Indubbiamente, gli USA non dimenticano la lezione ricevuta in Vietnam nel secolo scorso. C’è però anche un altro fattore: nella percezione del mondo occidentale, se risulta compatibile che aumentino i morti sul lavoro (operai in fabbrica o sulle impalcature), sta diventando inaccettabile che il soldato professionale o il poliziotto mettano in conto la morte come un rischio insito nel proprio mestiere.

Come si può morire se le guerre di aggressione sono “umanitarie” e “chirurgiche”, gli omicidi “selettivi” e “mirati”, e il sangue è tenuto ben distante dalla vista del cittadino medio “civilizzato”? Come si può morire se le missioni militari vengono presentate come atti di assistenza umanitaria verso popolazioni bisognose? Visto da lontano, il “bersaglio”, debitamente demonizzato e disincarnato, assume così connotati virtuali: uccidere “il tiranno”, sabotare il sistema elettrico dei paesi considerati “canaglia”, tirare ai ragazzini palestinesi che lanciano pietre, diventa un video-gioco come quelli messi sul mercato a proposito del Venezuela. Più le società occidentali diventano “complesse”, pregne di dubbi e chiaroscuri, soprattutto a sinistra, più i messaggi dominanti vengono semplificati.

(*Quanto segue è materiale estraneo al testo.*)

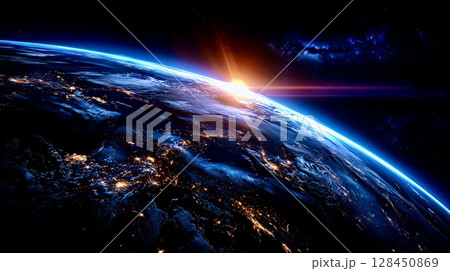 星空と地球、宇宙から見た夜明けの瞬間 128450869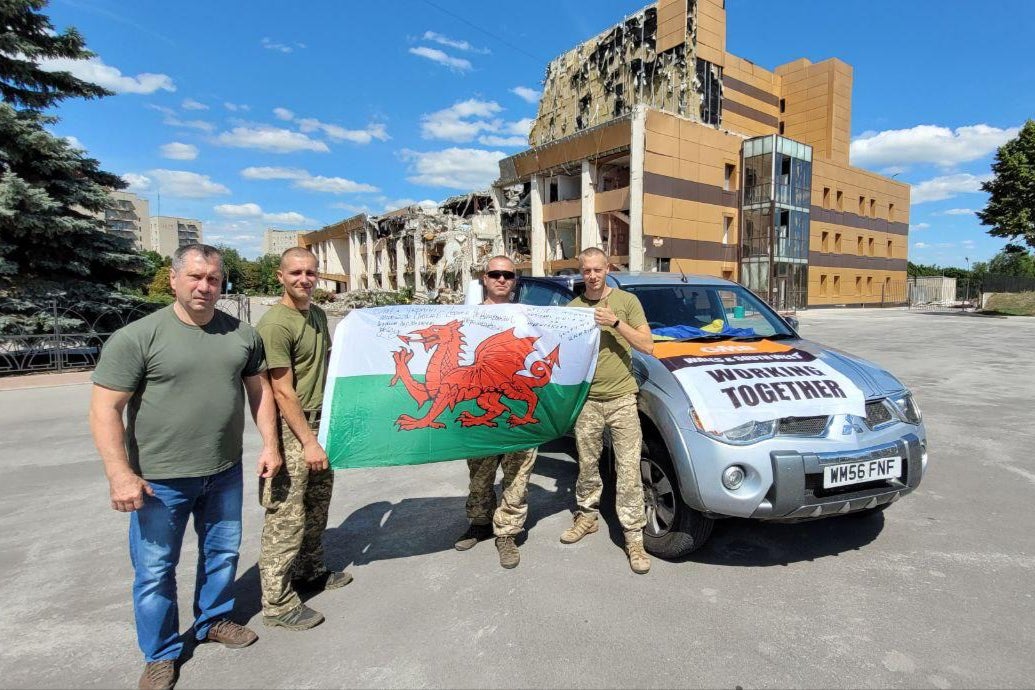 Soldiers from a miners’ union with a vehicle donated in the Welsh convoy – near the frontline in southeastern Ukraine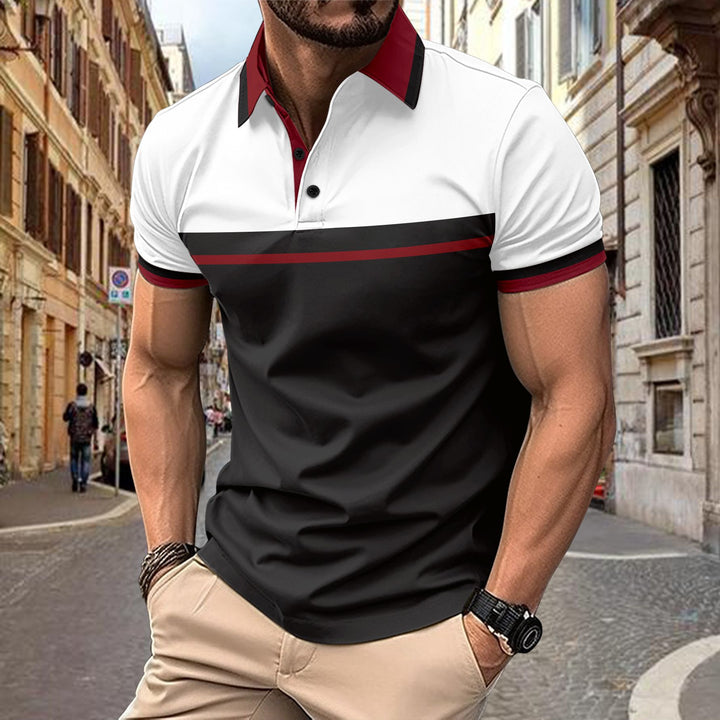 Herren Polohemd mit modernem Farbblockdesign Echoarchiv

Così, i governi che non piacciono all’occidente imperialista, vengono definiti “regimi”, quelli conformi alle sue regole – gli alleati -, sono governi “democratici”, anche se segregano le donne o mettono in galera i bambini.

Contro il Venezuela, che ha osato contrastare “la voce del padrone”, si scatena ora una guerra dai contorni fluidi e allucinati, dietro la quale passano, però, scontri di interesse reali, rappresentati da gruppi e persone in carne e ossa. Prendiamo la grande menzogna sulla “catastrofe umanitaria” e i conseguenti “aiuti umanitari”, che abbiamo visto in occasione del 23 febbraio: un tentativo di mascherare l’invasione armata, che si è tentato di mettere in atto per mare e per terra.

Un aspetto poco raccontato è stato l’assedio per mare e il ruolo centrale avuto dall’Europa per interposta Olanda, paese che regge gli interessi imperialisti a partire da tre isole considerate suoi territori “autonomi”, molto vicine al Venezuela: Aruba, Bonaire e Curazao.

Un inviato della Bbc ha raccontato di un viaggio compiuto a bordo di una nave di “aiuti umanitari” organizzata da Voluntad Popular, proveniente da Porto Rico e battente bandiera australiana, con tanto di proclami politici, diffusi con la voce registrata di Leopoldo Lopez. A Curazao vengono tutt’ora stoccati gli “aiuti” provenienti da Miami. Le foto che vengono diffuse dai media svelano la loro vera finalità nella scritta esibita sulle casse: USAID.

Vista dall’Italia – paese in cui l’attacco al Venezuela ha messo d’accordo partiti di quasi tutto l’arco politico – l’operazione mostra i veri interessi a partire dal profilo di chi la dirige e dalle organizzazioni che la portano avanti. Uno dei centri più attivi si trova in Abruzzo, dove risiedono grandi costruttori di origine italiana che hanno fatto fortuna in Venezuela e avversano il proceso bolivariano. In quella regione, pretesi giornalisti di ritorno dal Sudamerica descrivono un Venezuela allo sbando, preda di “squadroni della morte” identificati nei collettivi, e presentano il paese come se fosse a livello della Somalia. In Italia trovano appoggio e sostegno mediatico profughi della giustizia venezuelana dal profilo impresentabile. E’ passato da qui anche il giovane nazista Lorent Saleh, nella nuova veste di difensore della “libertà di opinione” attribuitagli dal Premio Sakharov.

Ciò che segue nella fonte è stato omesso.